## YOUR GOAL
Transcribe everything in the listing as written, and let no image into the copy.

## SOURCE MATERIAL
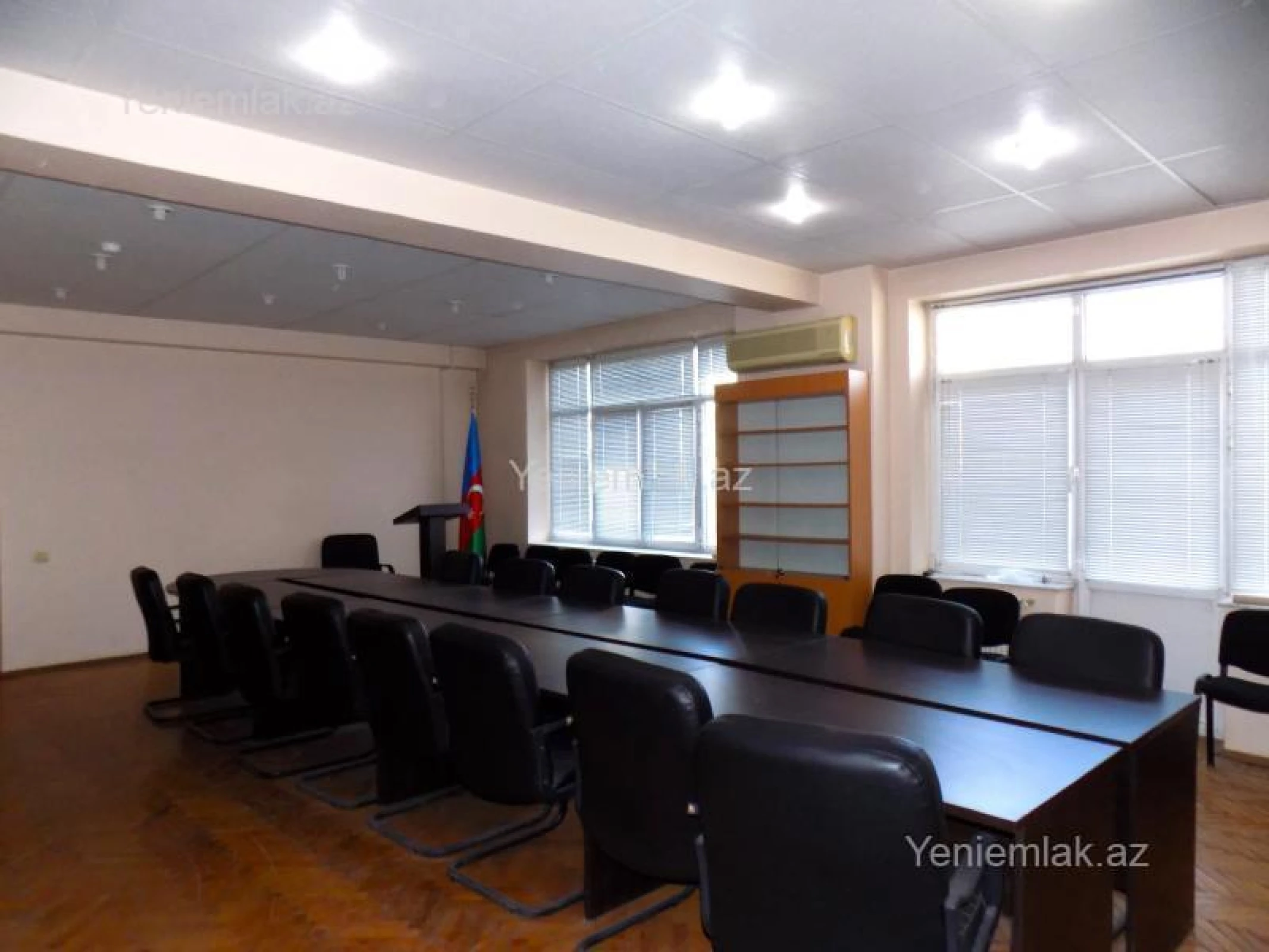 Satılır 15 otaqlı obyekt 650 m²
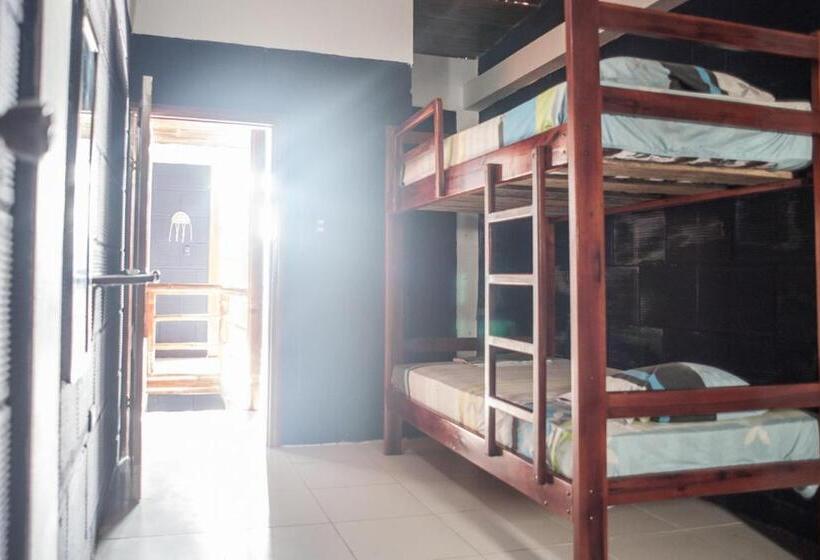 Четырехместный Номер Стандарт, Hostel El Gran Azul Olon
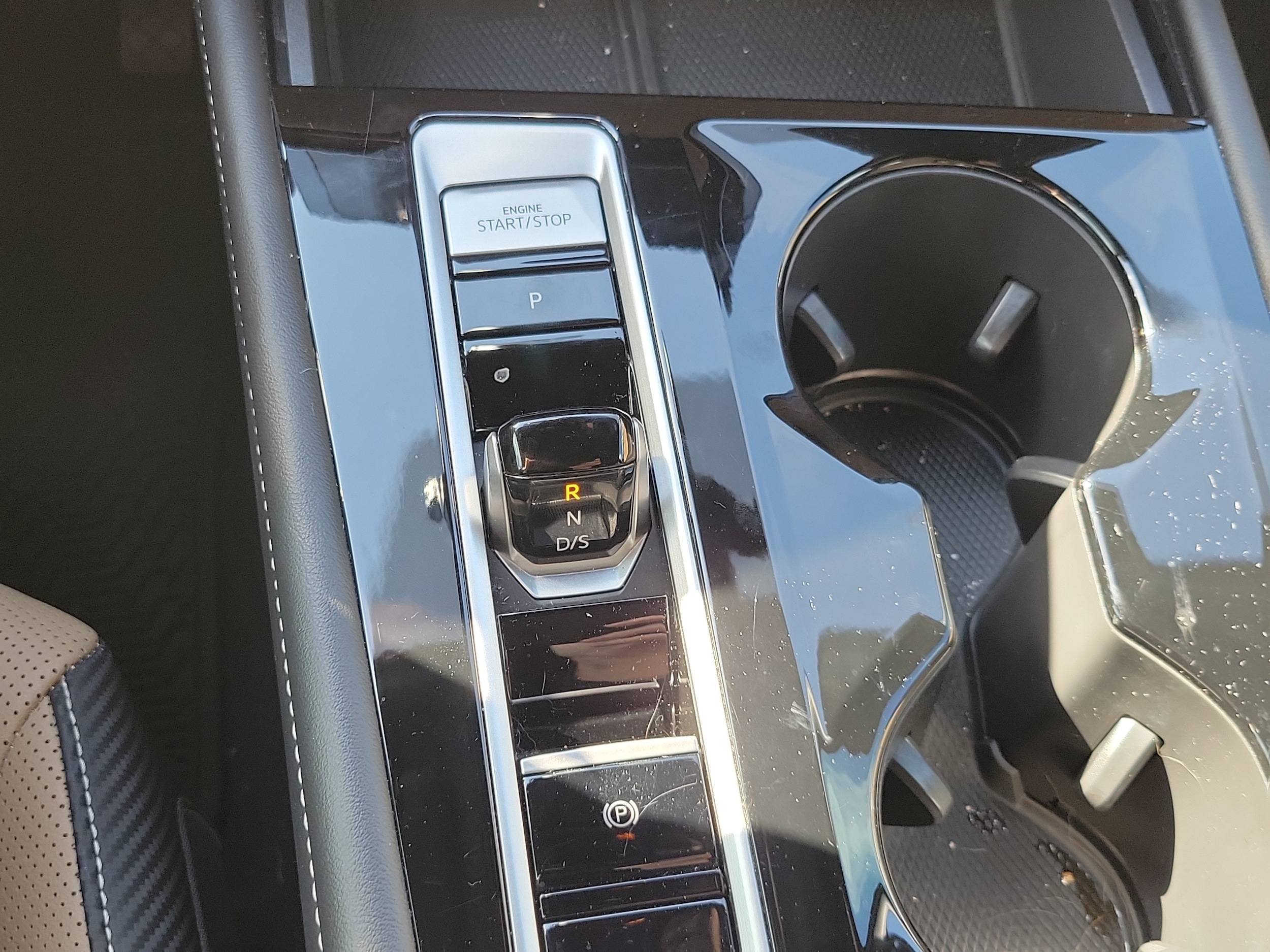 2024 Volkswagen Atlas Cross Sport SE w/Tech - Photo 26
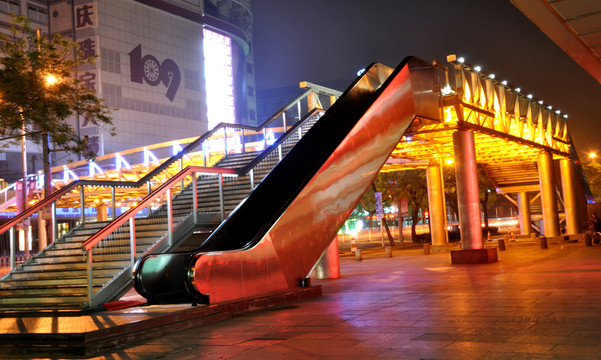 天橋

## ANSWER FOR THIS EXERCISE
 Satılır 15 otaqlı obyekt 650 m²
 Четырехместный Номер Стандарт, Hostel El Gran Azul Olon
 2024 Volkswagen Atlas Cross Sport SE w/Tech - Photo 26
 天橋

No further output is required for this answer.